━━ Given records ━━
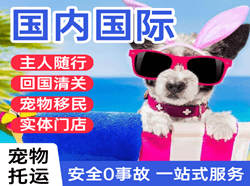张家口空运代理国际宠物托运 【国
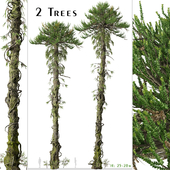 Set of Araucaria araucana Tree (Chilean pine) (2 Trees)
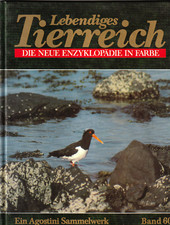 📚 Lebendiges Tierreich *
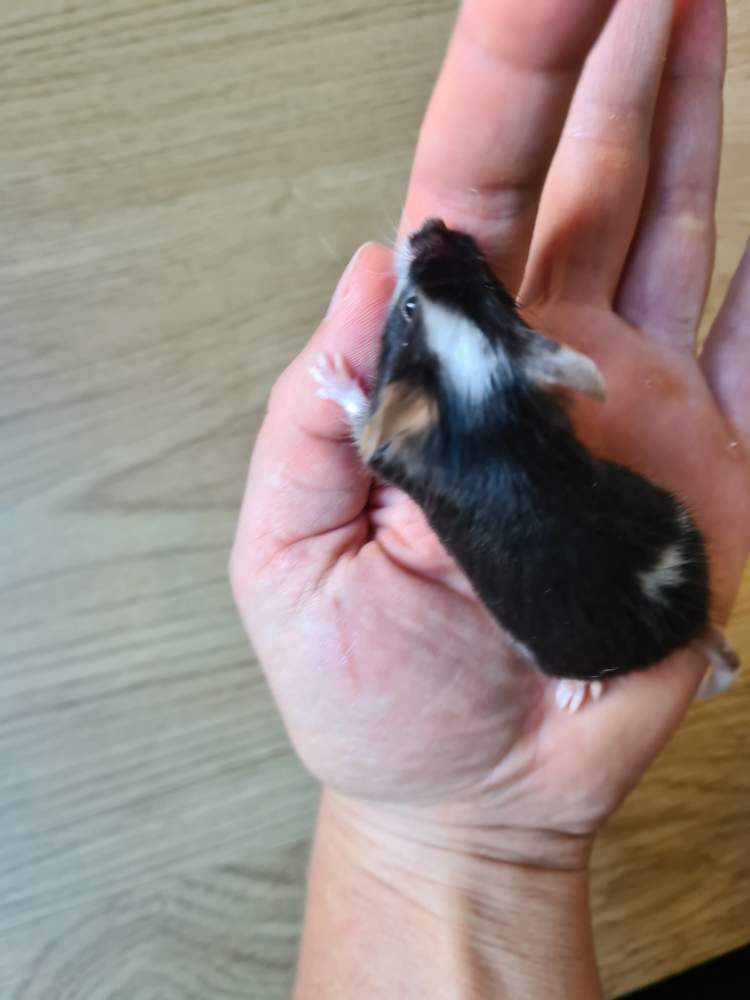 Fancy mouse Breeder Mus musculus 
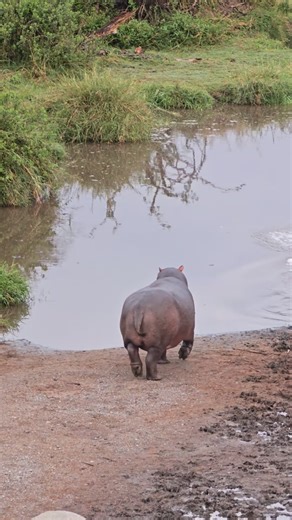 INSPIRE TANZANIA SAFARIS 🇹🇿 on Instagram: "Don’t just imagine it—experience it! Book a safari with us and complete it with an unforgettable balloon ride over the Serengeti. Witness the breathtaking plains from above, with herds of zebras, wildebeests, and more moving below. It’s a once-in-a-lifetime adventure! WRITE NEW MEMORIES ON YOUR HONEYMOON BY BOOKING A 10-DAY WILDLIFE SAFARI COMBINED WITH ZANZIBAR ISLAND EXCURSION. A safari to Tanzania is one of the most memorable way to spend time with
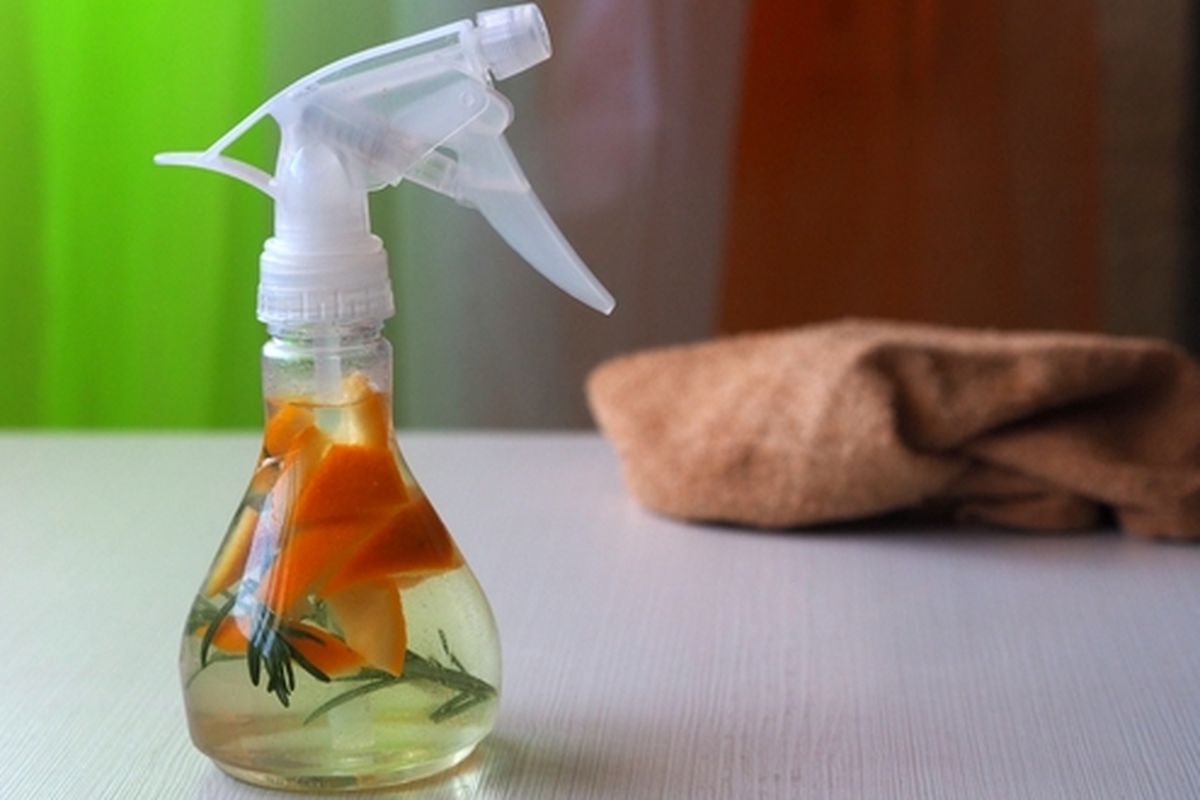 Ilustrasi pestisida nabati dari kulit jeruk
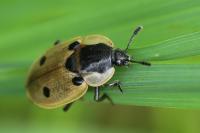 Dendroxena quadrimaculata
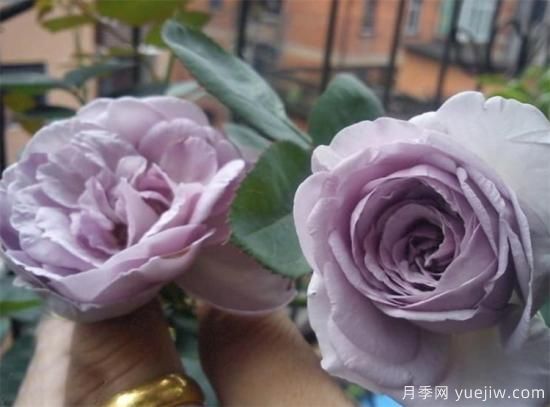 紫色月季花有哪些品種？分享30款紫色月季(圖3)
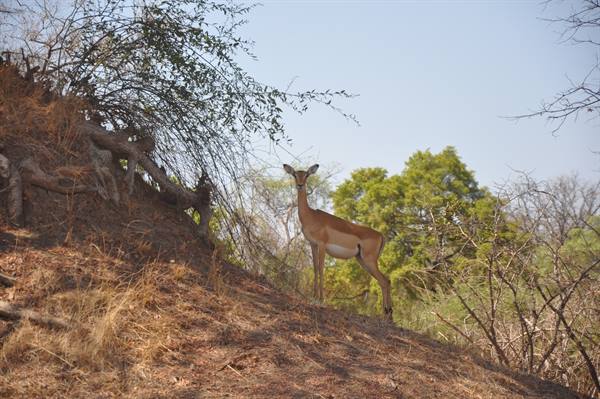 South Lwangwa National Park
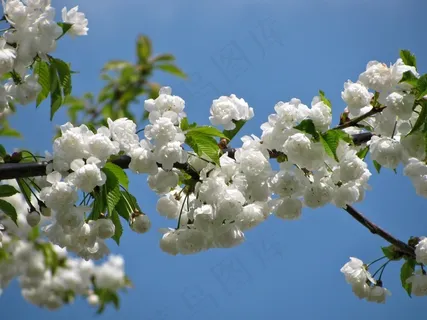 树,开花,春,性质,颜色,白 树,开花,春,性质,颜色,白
━━━
▸ Exercise brief
The range to set down runs from the line containing "紫色月季花有哪些品種？分享30款紫色月季(圖3)" through the final line of the data, both ends included; give it exactly and drop the pictures.

▸ Answer box
 紫色月季花有哪些品種？分享30款紫色月季(圖3)
 South Lwangwa National Park
 树,开花,春,性质,颜色,白 树,开花,春,性质,颜色,白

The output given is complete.